The project exists because Eydos needs a native Wayland toolkit for its
own shell and application stack, but `ltk` is intentionally published as a
public library rather than kept as a private internal component. Third-party
developers are part of the intended audience.
That origin matters because it explains the current priorities:
- strong Wayland focus
- support for layer-shell and shell-style overlays
- attention to mobile power usage
- theming and runtime surfaces that fit an operating system environment
## License
This project is licensed under `LGPL-2.1-only`.
That means third parties can use `ltk` in their own applications, including
proprietary ones, subject to the obligations of the GNU Lesser General Public
License v2.1. If you are planning a commercial or closed-source product, read
the license text carefully and make sure your distribution model complies with
it.
See [LICENSE](./LICENSE).
## Third-party assets
`ltk`'s default theme bundles two third-party asset sets that travel under
their own licences. Anyone redistributing the toolkit (or a binary that
embeds the default theme) must propagate the attributions below.
- **Symbolic icons** under `themes/default/icons/catalogue/` come from
Streamline's *Core Line Free* set, distributed under
[Creative Commons Attribution 4.0 International](https://creativecommons.org/licenses/by/4.0/)
(CC BY 4.0). © Streamline. Some files have been modified for the
symbolic-tinting pipeline; details in
[`themes/default/icons/catalogue/LICENSE.md`](./themes/default/icons/catalogue/LICENSE.md).
Upstream: <https://www.streamlinehq.com/icons/core-line-free>.
- **Sora Regular** (`src/theme/fallback/Sora-Regular.otf`) is the
embedded font fallback, distributed under
[SIL Open Font Licence 1.1](https://scripts.sil.org/OFL).
© 2019-2020 The Sora Project Authors, Jonathan Barnbrook, Julián Moncada.

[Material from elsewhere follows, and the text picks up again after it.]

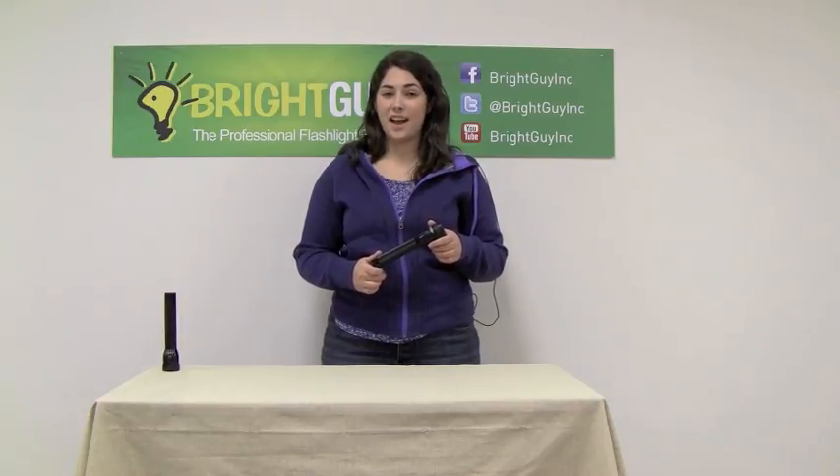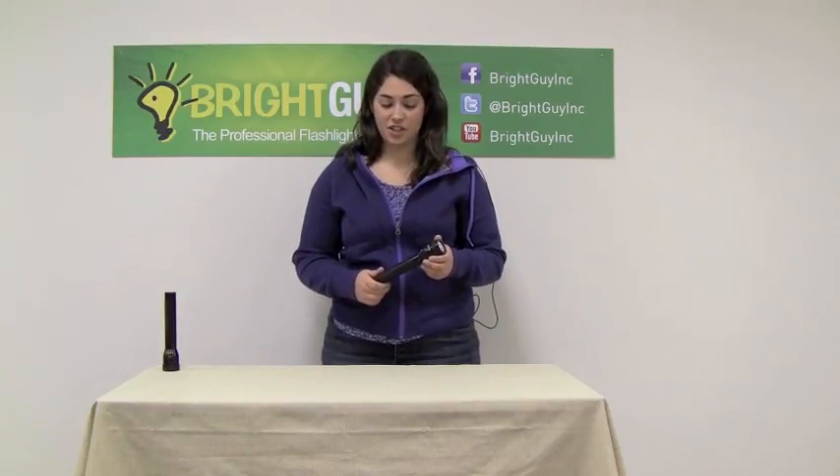Hi, this is Stephanie from Bright Guy and I'm here today to demonstrate the Stinger Classic LED Flashlight. The Stinger Classic gives you state of the art LED technology in the same compact size and body design of the original incandescent Stinger Flashlight.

Upstream: <https://github.com/sora-xor/sora-font>.
The remaining artwork in the default theme — wallpapers, lockscreens,
launcher logo, brand-mark variants and per-application icons — is
original to Liberux Labs and travels under the toolkit's own
`LGPL-2.1-only` licence.
The full Debian-style declaration of every asset and its licence lives
in [`debian/copyright`](./debian/copyright); that is the file the `.deb`
ships under `/usr/share/doc/libltk*/copyright`.
## Contributing
Patches and bug reports are welcome. Read
[`CONTRIBUTING.md`](CONTRIBUTING.md) for the practical mechanics: build
prerequisites, how to run tests, the project's Modified Allman code
style, and what shape a pull request should take.
For security-sensitive issues see [`SECURITY.md`](SECURITY.md) — please
do not file those through the public issue tracker.
If you are evaluating `ltk` for a third-party product and are unsure
whether your use case is in scope, open a discussion before writing
code. That is especially useful when you are:
- missing an app-facing example,
- blocked by a shell-oriented assumption in the API,
- trying to understand whether a given platform target is realistic.